[RECORDS FOR THIS TASK Boundary: Start]

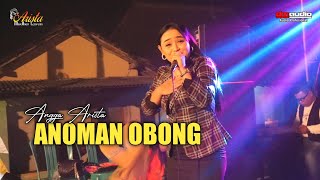 HANOMAN OBONG - ANGGA ARISTA - DM AUDIO PROFESIONAL || ARISTA MUDHA LARAS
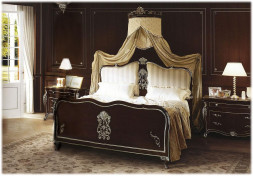 Кровать Scarlatti Angelo cappellini Bedrooms 10040/21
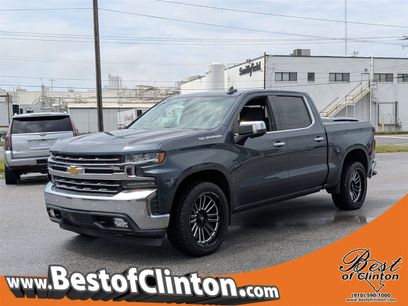 Used 2019 Chevrolet Silverado 1500 LTZ w/ LTZ Plus Package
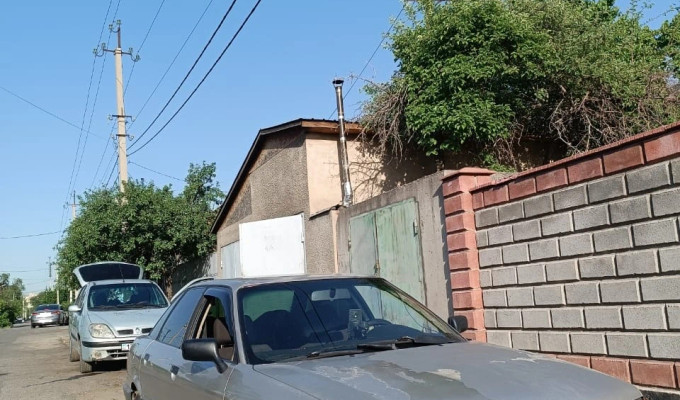 Audi 80 1987 года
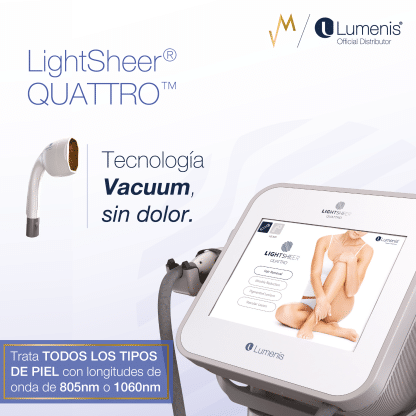 LightSheer QUATTRO - Imagen 3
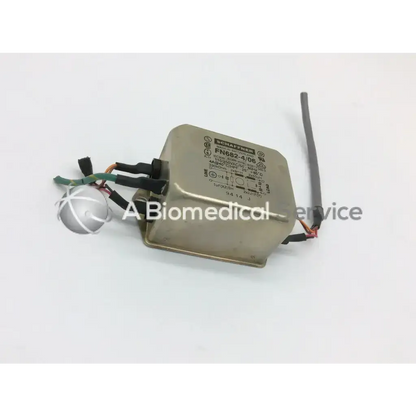 Schaffner EMC Power Line Filter 0Hz to 400Hz 4A 250VAC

[RECORDS FOR THIS TASK Boundary: End]

**WHAT YOU SHOULD DO**
Give an exact copy of the entries, excluding all pictures.

**REPLY TO THE TASK**
 HANOMAN OBONG - ANGGA ARISTA - DM AUDIO PROFESIONAL || ARISTA MUDHA LARAS
 Кровать Scarlatti Angelo cappellini Bedrooms 10040/21
 Used 2019 Chevrolet Silverado 1500 LTZ w/ LTZ Plus Package
 Audi 80 1987 года
 LightSheer QUATTRO - Imagen 3
 Schaffner EMC Power Line Filter 0Hz to 400Hz 4A 250VAC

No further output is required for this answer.